New tax on Australian mining projects

May 2012 Authors: Liz Allnutt, Sarah Lilly

Contacts

The controversial Minerals Resource Rent Tax (MRRT) has now become law in Australia and will come into effect on 1 July 2012.

The MRRT is a tax on profits made from extracting iron ore and coal in Australia, as well as gas extracted as a necessary incident of coal mining and gas produced by the in situ combustion of coal.

The MRRT will apply in full to those miners whose profits exceed AUD$125 million per year.  Miners with mining profits of less than AUD$75 million per year will have their MRRT liability reduced to nil.  To reduce distortions, the MRRT liability for miners with profits between AUD$75 million and AUD$125 million will be phased in.
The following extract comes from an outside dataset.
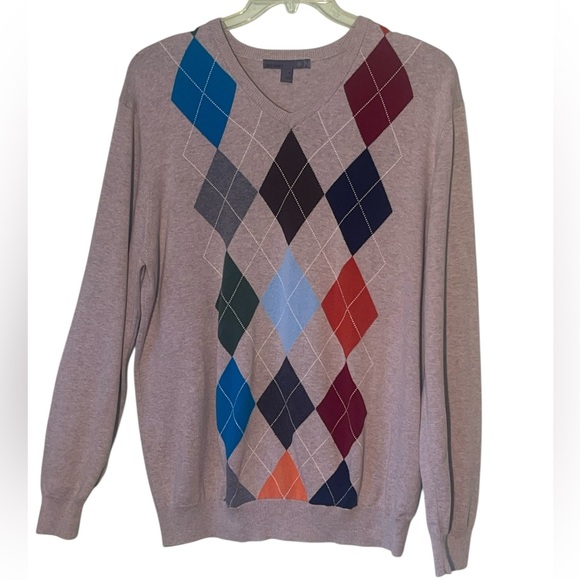 Old Navy Vintage V-neck Cotton Argyle sweater. Size XL GUC - Picture 3 of 9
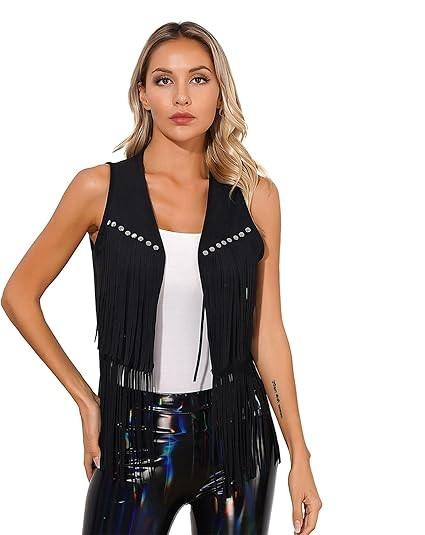 Womens Tassel Vest 70s Hippie Sleeveless Fringe Jacket with Cowgirl Hat Western Faux Suede Outfit Black
 S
There will be approximately 320 MRRT taxpayers in total.  The Australian Federal Government currently predicts that the MRRT will generate AUD$10.6 billion in revenue over the next three years, with BHP Billiton, Rio Tinto and Xstrata to account for 90 per cent of this revenue.  The Government’s revenue projections have, however, been disputed in estimates provided by the investment banks involved in preparing liability estimates for BHP Billiton, Rio Tinto and Fortescue Metals.
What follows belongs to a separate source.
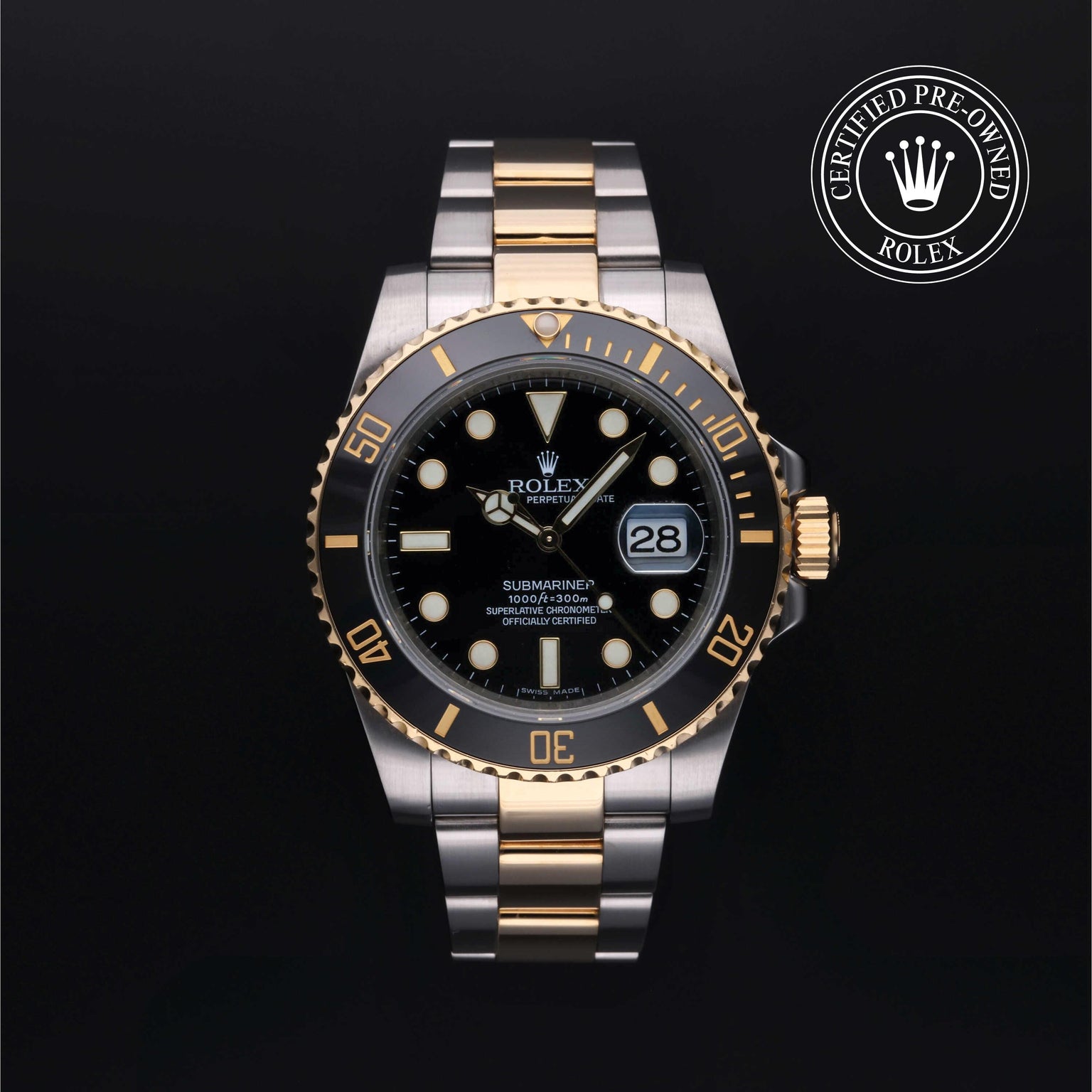 Rolex Certified Pre-owned Submariner M116613LN-0001 front on black background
A miner’s MRRT liability is calculated as follows:

MRRT liability = MRRT rate x (Mining profit – Mining allowances)

The base MRRT rate is 30 per cent, but is reduced by an ‘extraction factor’ of 25 per cent, giving an effective rate of 22.5 per cent.

‘Mining profit’ is equal to mining revenue less mining expenditure.  Mining revenue and mining expenditure are calculated by reference to a ‘valuation point’ (a point prior to any significant processing or value-adding being performed, usually the point immediately before removal from a run-of-mine stockpile).  Mining revenue is the revenue the miner makes from the resources (which reasonably relates to the form and place the resources were in when leaving the valuation point).  Mining expenditure is the cost of finding the resources and bringing them to the valuation point.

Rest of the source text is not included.